Bar owners are under continued pressure to make a living. Liquor prices have soared from the 1980s, when a whiskey drink cost less than $5, to today’s average of $8 to $10. Owners have had to use various methods to attract and retain customers.
Health inspectors can close down a bar if food servers aren’t properly trained and refrigeration is not controlled.
Competition today for bar owners is fierce, especially when beer breweries are popping up throughout the state. These breweries fashion their own beers and have attracted a huge following, taking away potential patrons from traditional bars.
In addition, have you noticed there are fewer male bartenders today? Owners have been forced to staff more women behind the bar. It is a cold fact that female bartenders make more tips and are more pleasing and polite.

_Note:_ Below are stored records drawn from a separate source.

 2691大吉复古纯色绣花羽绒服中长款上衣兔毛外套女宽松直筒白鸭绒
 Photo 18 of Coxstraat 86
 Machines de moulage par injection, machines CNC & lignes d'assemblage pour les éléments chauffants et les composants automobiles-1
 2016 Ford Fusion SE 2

In the 1980s, when live top-40 music groups were popular, the bar crowd drank more. Obviously,, a dance floor with thirsty patrons can rake in big money, but it also spikes the danger zone, with intoxicated patrons who leave and cause accidents. Lawsuits were and are common against bars and restaurants, which must take responsibility when one or two patrons out of 200 or more leave and crash. A designated driver sounds nice but seldom do drinkers tap one friend to drive and drink cola all night.

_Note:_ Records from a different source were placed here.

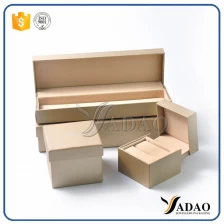 China Passen Sie Großhandel-Fabrik Preis kostenloses Logo Kunststoff Schmuck Set-Box inklusive Armband Anhänger Ring Armreif Kette Ohrring Box an Hersteller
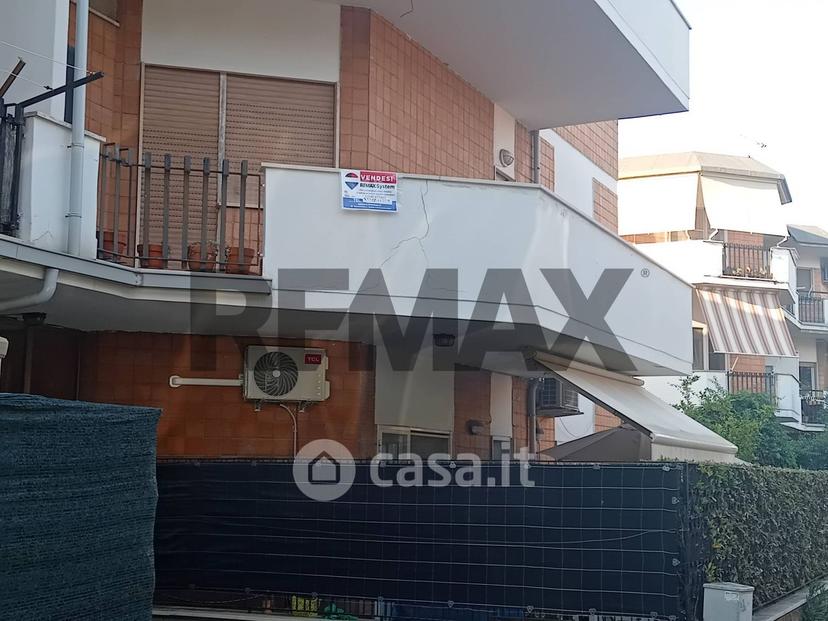 Trilocale in Viale dei Navigatori 56 — foto 14 di 20
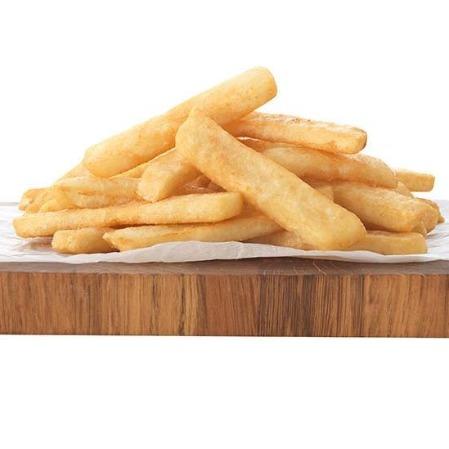 Mr Chips Beer Battered 18/19mm Fries 900g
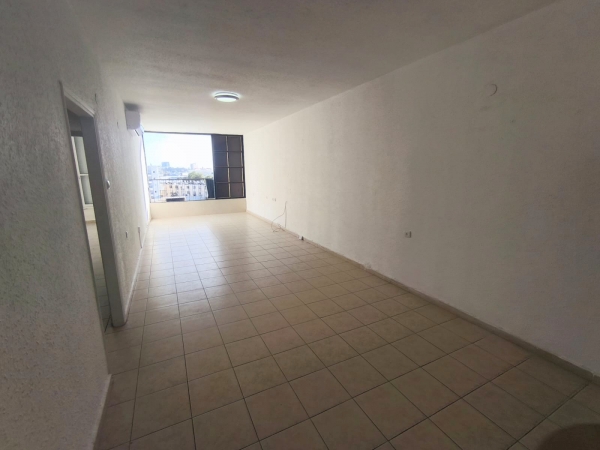 Просторная 3-комнатная квартира в прибрежном районе Бат Яма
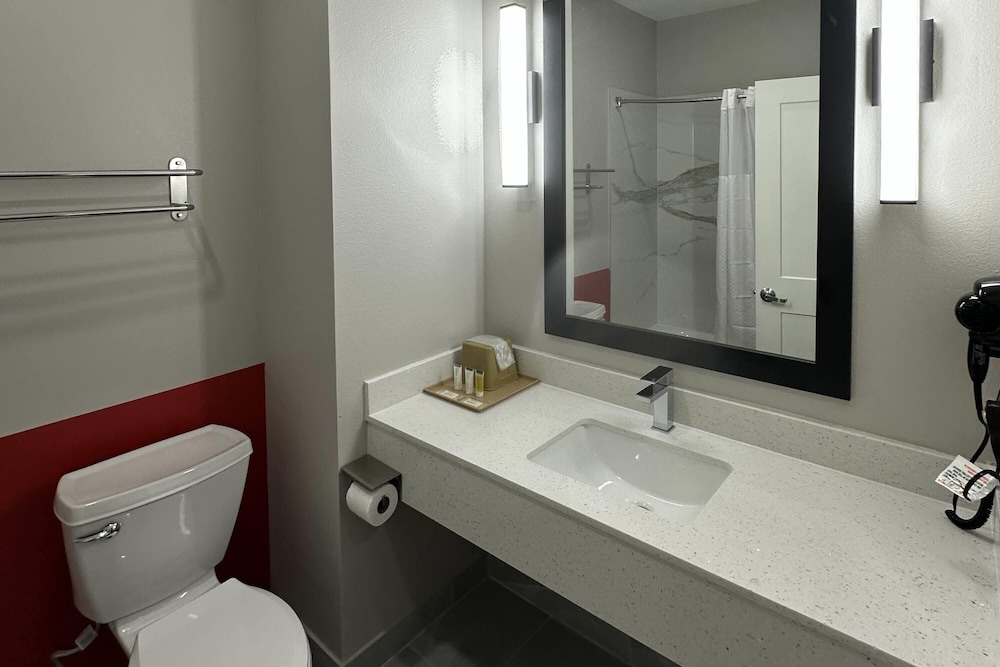 Super 8 by Wyndham Baytown 16/20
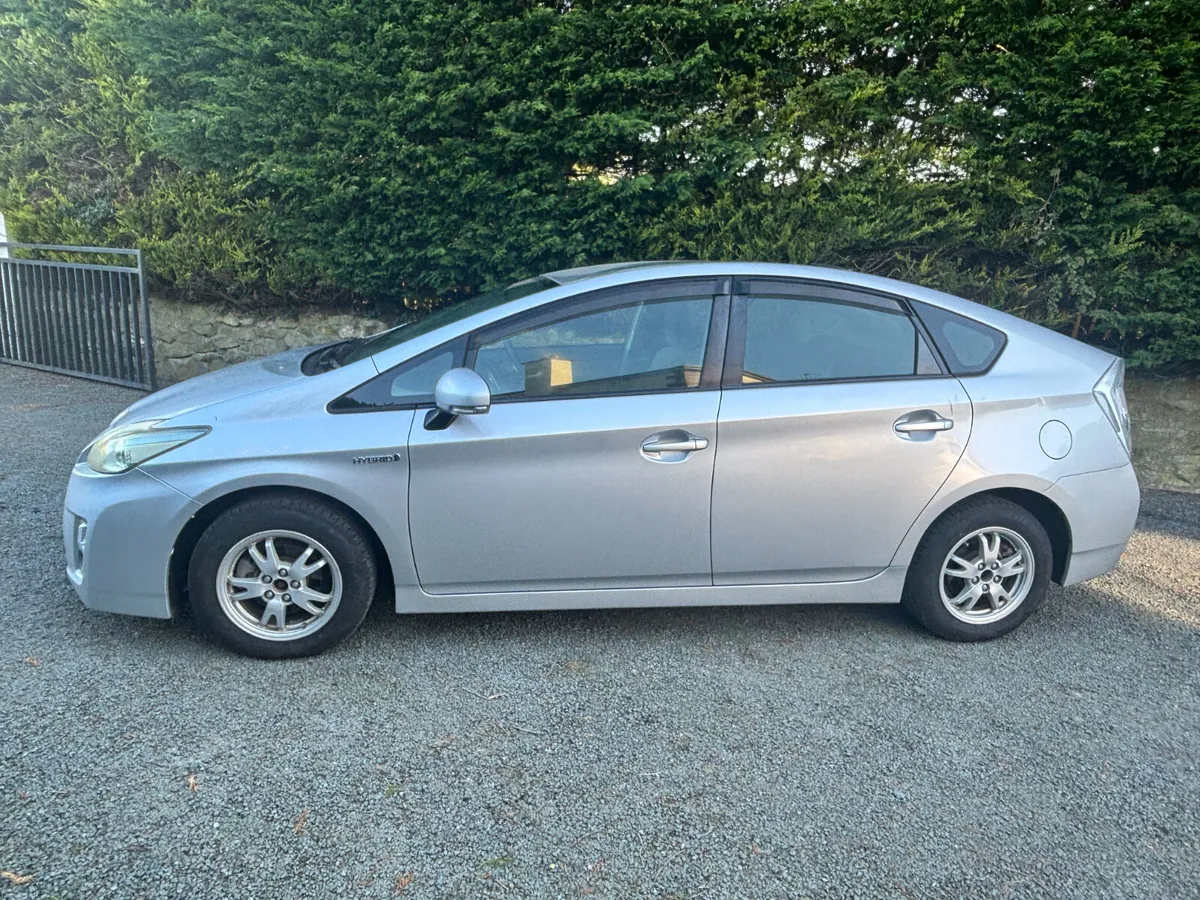 Toyota Prius 2010 Hybrid | Only 63,000 KM - Image 2
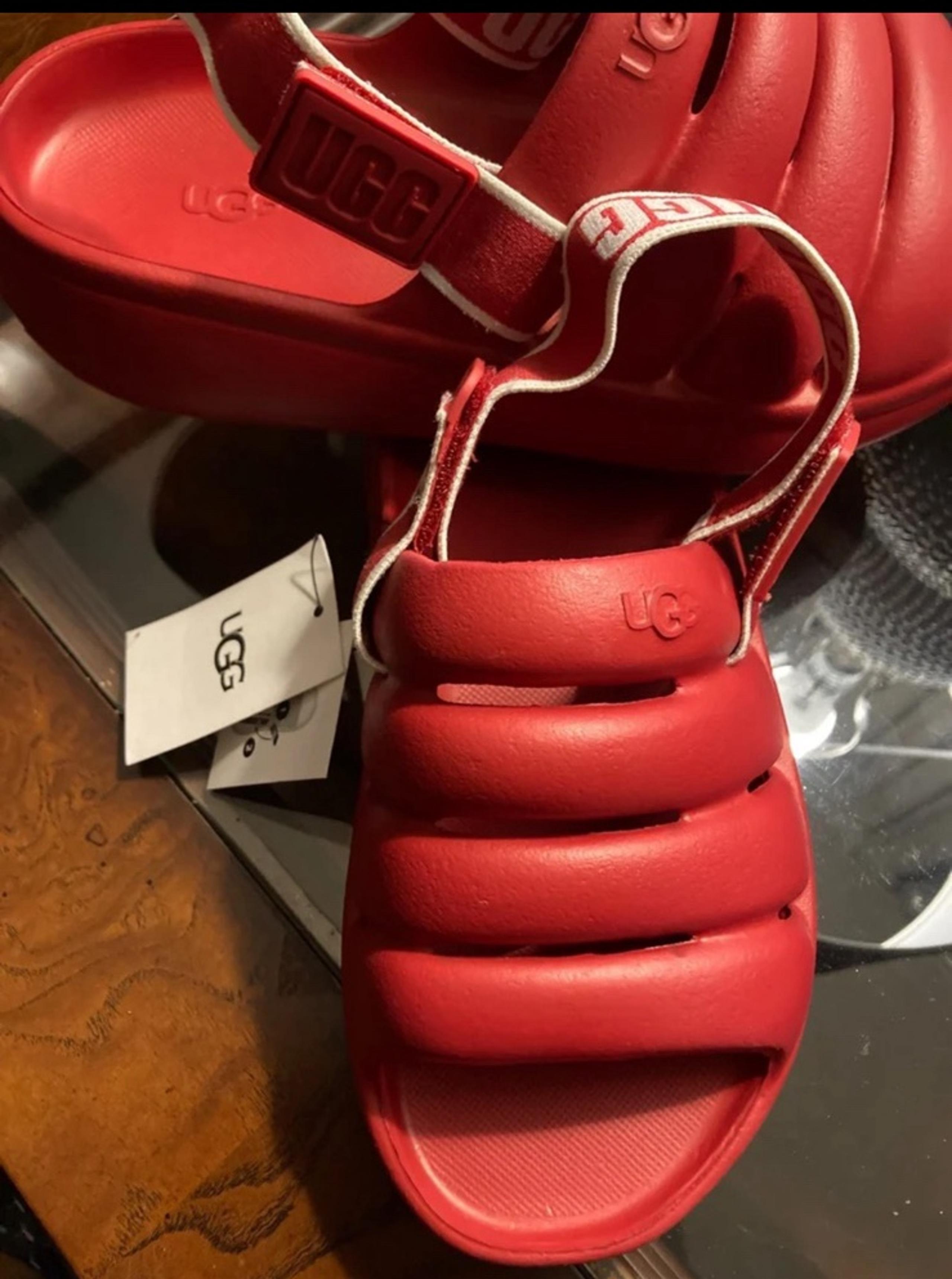 Girls UGGS Australia Yeah Sports Size 2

Making bar ownership even tougher is the new competition from chain restaurants that construct expensive and inviting bars.

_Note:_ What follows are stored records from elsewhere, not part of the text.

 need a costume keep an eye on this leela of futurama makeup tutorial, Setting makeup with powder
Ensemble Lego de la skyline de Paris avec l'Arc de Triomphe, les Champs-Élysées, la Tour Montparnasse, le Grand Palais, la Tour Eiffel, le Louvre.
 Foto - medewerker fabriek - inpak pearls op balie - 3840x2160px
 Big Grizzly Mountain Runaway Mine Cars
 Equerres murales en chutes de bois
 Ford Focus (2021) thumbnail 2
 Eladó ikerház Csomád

Although drink prices are higher, these places swarm a community with good food and nice atmosphere, encouraging people to stay and drink rather than leaving. Smaller bars no longer can afford extended happy hours.
Liquor permits for a average bar costs over $1,000. Insurance and employee pay are top expenses, but do not include maintenance, ice machine problems, electricity, trash removal, cleaning crew and, of course, liquor and beer purchases that must be paid within 30 days.
Bars owners often accuse increased liability insurance rates, often jumping from $5,000 annually to five figures, even with no claims, of being blackmail. It’s difficult to tell who’s drunk because so many patrons arrive under the influence, not only of drink but drugs.
Owners are on the defensive, especially since patrons are getting younger and harder to control.
Yet, owners are morally on the side of the insurance companies. Nobody want claims brought against them, primarily when bartenders are taught not to serve patrons who appear intoxicated.
As a former bar owner who dealt with several claims and made repeated attempts to find a simple solution to verifying fake IDs, it was only after a Friday night raid by liquor agents, when six minors were found on my premises, that I was given a large monetary fine but also a special code to effectively spot fake licenses.
I became determined to warn prospective customers of not only my responsibility but their own. I began giving cash bonuses to my doormen to secure fake IDs and had a large sign installed near the outside main entrance.
There isn’t enough insurance to soften the guilt imposed upon an owner when it may appear that a patron caused grief to innocent people when someone was served liquor beyond the legal limit.